JP: That is really interesting. In some ways you are taking Woolf’s work further. She was interested in looking at the limits of our gender; in seeing what was open or closed to men and women. Whereas you are coming at gender more as something to be transcended: that we can go beyond male/female into an androgyny or even another gender altogether. As a young woman I wanted to be a man and I shopped in the boys’ department of stores. I lived in boys’ clothes until I was in my mid-twenties.

SM: It’s lucky to be able to pass off as whatever gender; it opens up new realms.

JP: We’ve gone off track. Tell me more about your influences and how they shape your work.

SM: A writer is always a great reader and when you look for echoes, there might be hundreds and hundreds, but then there’s the presence of psyches that somewhere echo your own. I find so many writers inspiring. Marguerite Duras is a good friend, I’ve re-read her work several times; I should think the authors that matter in the end are the ones you re-read. Duras is the writing master of desire; Red Tales was very much about the chaos of desire. In this respect, the work of Kathy Acker was an eye-opener for me. She might have been into Anaïs Nin, which I then surreptitiously and unknowingly inherited. The Angela Carter of The Bloody Chamber was a revelation. Deborah Levy is also fascinating on desire; I came across her work a long time ago and she’s remained a favourite.
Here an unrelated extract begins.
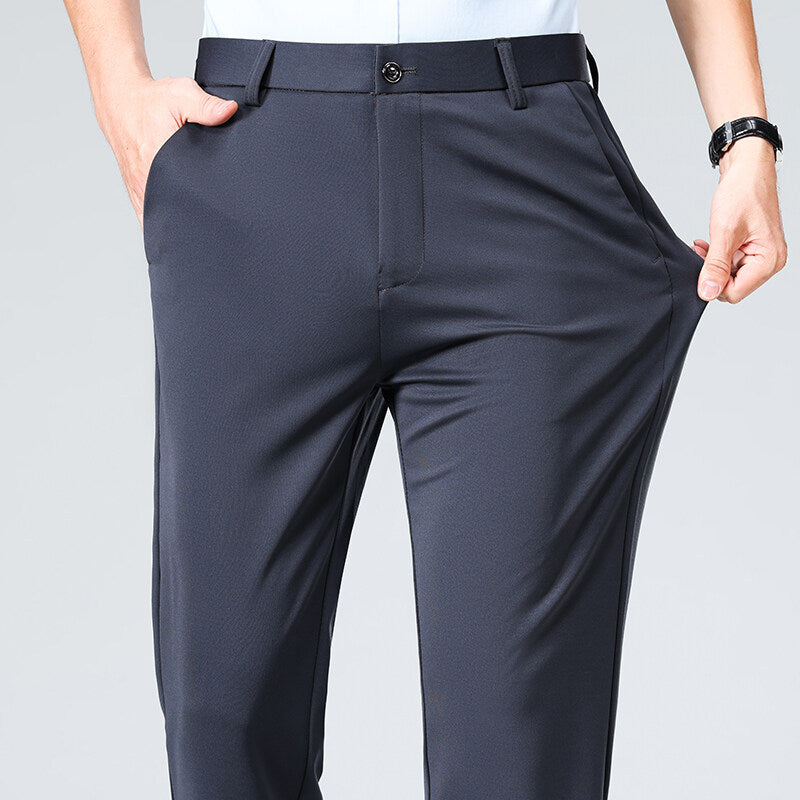 Herren Businesshosen Elegant Slim Fit Schwarz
At the time I was really into female visual artists. In ‘Kafka and his Precursors’ Borges said: “The fact is that every writer creates his own precursors”. Borges was, as usual, so clever. It’s true.

JP: And there is much Borges in your book. I thought of him immediately when I read the ‘Note’ that opens your collection. As for Anaïs Nin, I suppose it was the unquenchable desires in the book that reminded me of her and also the epistolary format you use in ‘The Farewell Letter.’ She was a mistress of letter-writing and diaries.
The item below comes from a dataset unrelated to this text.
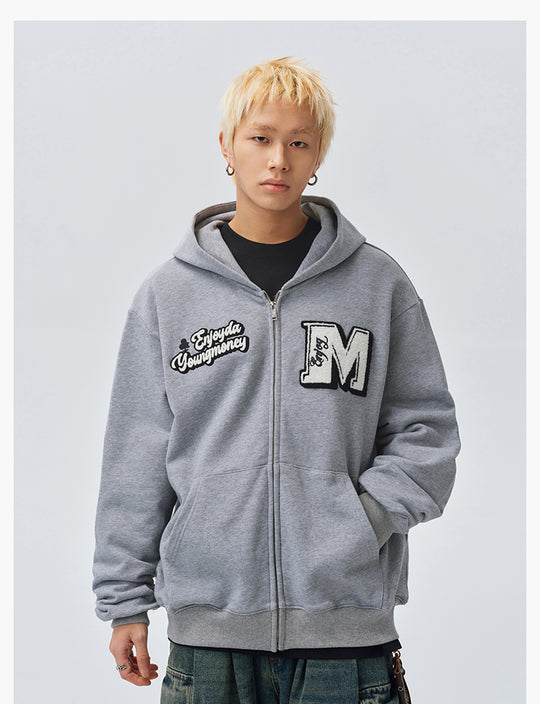 MEDM Towel Applique Embroidery Zip-Up Hoodie | Face 3 Face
SM: ‘Note’, the introductory note at the beginning of Red Tales, which was written recently as opposed to most of the rest of the book, was a homage of sorts to Borges’s antics. He used to write prefaces to all his books speaking about all these other writers, a hilarious and playful modesty that was another way of his of creating a labyrinth. I spent many years writing about Borges’s stories so he’s more than welcome to turn up whenever he wants. In ‘Note’ I wrote about the book’s avatars and tried to place my work because I felt some readers might not know where I was coming from. After I’d written it I thought that I could have also mentioned Beckett, Julio Cortázar – who I think was a much better reader of Virginia Woolf than I have been – and of course, Marguerite Duras (I probably didn’t because I had already mentioned them elsewhere);  and Calvino, for the spirit of adventure and narrative swiftness, and Lynch; and Walt Whitman because he was the poet who turned me into a writer. In the end I would have liked to have mentioned all these writers whose work gave me so much. It’s like having a party; you want to invite all your best friends. In relation to the tradition of the fragment, I was really interested in the truisms of Jenny Holzer and Barbara Kruger. I’m not sure I’d read Antonin Artaud’s Les Cahiers de Rodez at the time, where he deals with the unsayable, but this book is a very interesting example of the fragment conveying inner chaos.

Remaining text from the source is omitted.